* ASSIGNED TASK
From the first line to the last, reproduce the data exactly.

++++ RECORDS ++++

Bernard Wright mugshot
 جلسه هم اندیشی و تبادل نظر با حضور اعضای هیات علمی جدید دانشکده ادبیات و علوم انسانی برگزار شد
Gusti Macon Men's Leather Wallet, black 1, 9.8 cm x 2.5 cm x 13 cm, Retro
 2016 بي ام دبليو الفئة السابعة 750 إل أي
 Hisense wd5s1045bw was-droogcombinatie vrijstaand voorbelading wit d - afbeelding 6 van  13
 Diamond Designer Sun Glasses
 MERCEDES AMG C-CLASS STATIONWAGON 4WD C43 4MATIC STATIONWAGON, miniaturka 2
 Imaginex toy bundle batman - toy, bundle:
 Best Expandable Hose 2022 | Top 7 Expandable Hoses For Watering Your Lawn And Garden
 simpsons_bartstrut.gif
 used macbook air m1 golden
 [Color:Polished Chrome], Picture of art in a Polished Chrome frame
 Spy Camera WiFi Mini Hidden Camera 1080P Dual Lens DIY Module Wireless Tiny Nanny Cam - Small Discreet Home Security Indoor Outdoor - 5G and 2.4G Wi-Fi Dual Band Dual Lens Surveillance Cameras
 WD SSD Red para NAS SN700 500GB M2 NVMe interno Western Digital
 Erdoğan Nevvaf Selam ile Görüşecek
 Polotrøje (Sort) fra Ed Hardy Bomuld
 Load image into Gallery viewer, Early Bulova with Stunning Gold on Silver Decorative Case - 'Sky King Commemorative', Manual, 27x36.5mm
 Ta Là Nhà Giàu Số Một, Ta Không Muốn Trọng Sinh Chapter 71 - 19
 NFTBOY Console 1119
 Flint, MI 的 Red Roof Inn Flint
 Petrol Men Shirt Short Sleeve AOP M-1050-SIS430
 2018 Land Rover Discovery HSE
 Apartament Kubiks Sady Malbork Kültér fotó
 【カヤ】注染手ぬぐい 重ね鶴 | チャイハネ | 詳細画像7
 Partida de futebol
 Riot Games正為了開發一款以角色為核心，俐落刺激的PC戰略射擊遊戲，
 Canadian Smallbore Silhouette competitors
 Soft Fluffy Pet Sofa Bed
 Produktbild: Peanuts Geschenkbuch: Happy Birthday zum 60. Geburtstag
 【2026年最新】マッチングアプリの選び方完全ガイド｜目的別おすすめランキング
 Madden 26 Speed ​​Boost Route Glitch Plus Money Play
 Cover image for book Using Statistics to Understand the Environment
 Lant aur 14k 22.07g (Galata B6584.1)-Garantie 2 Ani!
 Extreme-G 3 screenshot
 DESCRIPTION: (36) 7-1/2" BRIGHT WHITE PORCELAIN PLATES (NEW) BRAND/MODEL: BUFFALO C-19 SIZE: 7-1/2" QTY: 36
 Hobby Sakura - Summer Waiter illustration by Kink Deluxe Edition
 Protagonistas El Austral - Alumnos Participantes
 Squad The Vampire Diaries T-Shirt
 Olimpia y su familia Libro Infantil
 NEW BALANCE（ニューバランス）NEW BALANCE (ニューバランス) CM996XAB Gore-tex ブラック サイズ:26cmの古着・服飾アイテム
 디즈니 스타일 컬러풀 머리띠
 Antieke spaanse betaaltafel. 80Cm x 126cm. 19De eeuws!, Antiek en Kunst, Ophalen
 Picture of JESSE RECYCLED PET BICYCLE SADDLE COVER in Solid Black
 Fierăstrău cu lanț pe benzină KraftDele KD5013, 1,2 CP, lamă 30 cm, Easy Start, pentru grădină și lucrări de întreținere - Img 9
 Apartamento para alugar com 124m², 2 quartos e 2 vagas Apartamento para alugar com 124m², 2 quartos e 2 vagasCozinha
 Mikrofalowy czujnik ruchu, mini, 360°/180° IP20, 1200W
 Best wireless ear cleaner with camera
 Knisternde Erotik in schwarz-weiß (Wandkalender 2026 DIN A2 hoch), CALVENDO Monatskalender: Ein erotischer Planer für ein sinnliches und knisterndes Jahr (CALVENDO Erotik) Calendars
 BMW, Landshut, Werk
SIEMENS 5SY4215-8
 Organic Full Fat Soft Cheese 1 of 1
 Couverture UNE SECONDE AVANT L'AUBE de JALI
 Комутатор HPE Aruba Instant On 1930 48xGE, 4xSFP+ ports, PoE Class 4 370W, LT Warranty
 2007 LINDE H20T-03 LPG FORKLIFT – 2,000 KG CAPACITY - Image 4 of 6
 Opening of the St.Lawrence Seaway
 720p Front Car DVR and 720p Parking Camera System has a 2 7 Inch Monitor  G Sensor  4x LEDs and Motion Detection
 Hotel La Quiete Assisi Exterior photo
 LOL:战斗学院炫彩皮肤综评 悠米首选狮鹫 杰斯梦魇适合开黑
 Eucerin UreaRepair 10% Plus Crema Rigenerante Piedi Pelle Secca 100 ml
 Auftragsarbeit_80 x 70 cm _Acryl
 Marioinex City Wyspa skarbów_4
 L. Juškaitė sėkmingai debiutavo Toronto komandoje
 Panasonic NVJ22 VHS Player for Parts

++++

* RESULT BELOW
Bernard Wright mugshot
 جلسه هم اندیشی و تبادل نظر با حضور اعضای هیات علمی جدید دانشکده ادبیات و علوم انسانی برگزار شد
Gusti Macon Men's Leather Wallet, black 1, 9.8 cm x 2.5 cm x 13 cm, Retro
 2016 بي ام دبليو الفئة السابعة 750 إل أي
 Hisense wd5s1045bw was-droogcombinatie vrijstaand voorbelading wit d - afbeelding 6 van  13
 Diamond Designer Sun Glasses
 MERCEDES AMG C-CLASS STATIONWAGON 4WD C43 4MATIC STATIONWAGON, miniaturka 2
 Imaginex toy bundle batman - toy, bundle:
 Best Expandable Hose 2022 | Top 7 Expandable Hoses For Watering Your Lawn And Garden
 simpsons_bartstrut.gif
 used macbook air m1 golden
 [Color:Polished Chrome], Picture of art in a Polished Chrome frame
 Spy Camera WiFi Mini Hidden Camera 1080P Dual Lens DIY Module Wireless Tiny Nanny Cam - Small Discreet Home Security Indoor Outdoor - 5G and 2.4G Wi-Fi Dual Band Dual Lens Surveillance Cameras
 WD SSD Red para NAS SN700 500GB M2 NVMe interno Western Digital
 Erdoğan Nevvaf Selam ile Görüşecek
 Polotrøje (Sort) fra Ed Hardy Bomuld
 Load image into Gallery viewer, Early Bulova with Stunning Gold on Silver Decorative Case - 'Sky King Commemorative', Manual, 27x36.5mm
 Ta Là Nhà Giàu Số Một, Ta Không Muốn Trọng Sinh Chapter 71 - 19
 NFTBOY Console 1119
 Flint, MI 的 Red Roof Inn Flint
 Petrol Men Shirt Short Sleeve AOP M-1050-SIS430
 2018 Land Rover Discovery HSE
 Apartament Kubiks Sady Malbork Kültér fotó
 【カヤ】注染手ぬぐい 重ね鶴 | チャイハネ | 詳細画像7
 Partida de futebol
 Riot Games正為了開發一款以角色為核心，俐落刺激的PC戰略射擊遊戲，
 Canadian Smallbore Silhouette competitors
 Soft Fluffy Pet Sofa Bed
 Produktbild: Peanuts Geschenkbuch: Happy Birthday zum 60. Geburtstag
 【2026年最新】マッチングアプリの選び方完全ガイド｜目的別おすすめランキング
 Madden 26 Speed ​​Boost Route Glitch Plus Money Play
 Cover image for book Using Statistics to Understand the Environment
 Lant aur 14k 22.07g (Galata B6584.1)-Garantie 2 Ani!
 Extreme-G 3 screenshot
 DESCRIPTION: (36) 7-1/2" BRIGHT WHITE PORCELAIN PLATES (NEW) BRAND/MODEL: BUFFALO C-19 SIZE: 7-1/2" QTY: 36
 Hobby Sakura - Summer Waiter illustration by Kink Deluxe Edition
 Protagonistas El Austral - Alumnos Participantes
 Squad The Vampire Diaries T-Shirt
 Olimpia y su familia Libro Infantil
 NEW BALANCE（ニューバランス）NEW BALANCE (ニューバランス) CM996XAB Gore-tex ブラック サイズ:26cmの古着・服飾アイテム
 디즈니 스타일 컬러풀 머리띠
 Antieke spaanse betaaltafel. 80Cm x 126cm. 19De eeuws!, Antiek en Kunst, Ophalen
 Picture of JESSE RECYCLED PET BICYCLE SADDLE COVER in Solid Black
 Fierăstrău cu lanț pe benzină KraftDele KD5013, 1,2 CP, lamă 30 cm, Easy Start, pentru grădină și lucrări de întreținere - Img 9
 Apartamento para alugar com 124m², 2 quartos e 2 vagas Apartamento para alugar com 124m², 2 quartos e 2 vagasCozinha
 Mikrofalowy czujnik ruchu, mini, 360°/180° IP20, 1200W
 Best wireless ear cleaner with camera
 Knisternde Erotik in schwarz-weiß (Wandkalender 2026 DIN A2 hoch), CALVENDO Monatskalender: Ein erotischer Planer für ein sinnliches und knisterndes Jahr (CALVENDO Erotik) Calendars
 BMW, Landshut, Werk
SIEMENS 5SY4215-8
 Organic Full Fat Soft Cheese 1 of 1
 Couverture UNE SECONDE AVANT L'AUBE de JALI
 Комутатор HPE Aruba Instant On 1930 48xGE, 4xSFP+ ports, PoE Class 4 370W, LT Warranty
 2007 LINDE H20T-03 LPG FORKLIFT – 2,000 KG CAPACITY - Image 4 of 6
 Opening of the St.Lawrence Seaway
 720p Front Car DVR and 720p Parking Camera System has a 2 7 Inch Monitor  G Sensor  4x LEDs and Motion Detection
 Hotel La Quiete Assisi Exterior photo
 LOL:战斗学院炫彩皮肤综评 悠米首选狮鹫 杰斯梦魇适合开黑
 Eucerin UreaRepair 10% Plus Crema Rigenerante Piedi Pelle Secca 100 ml
 Auftragsarbeit_80 x 70 cm _Acryl
 Marioinex City Wyspa skarbów_4
 L. Juškaitė sėkmingai debiutavo Toronto komandoje
 Panasonic NVJ22 VHS Player for Parts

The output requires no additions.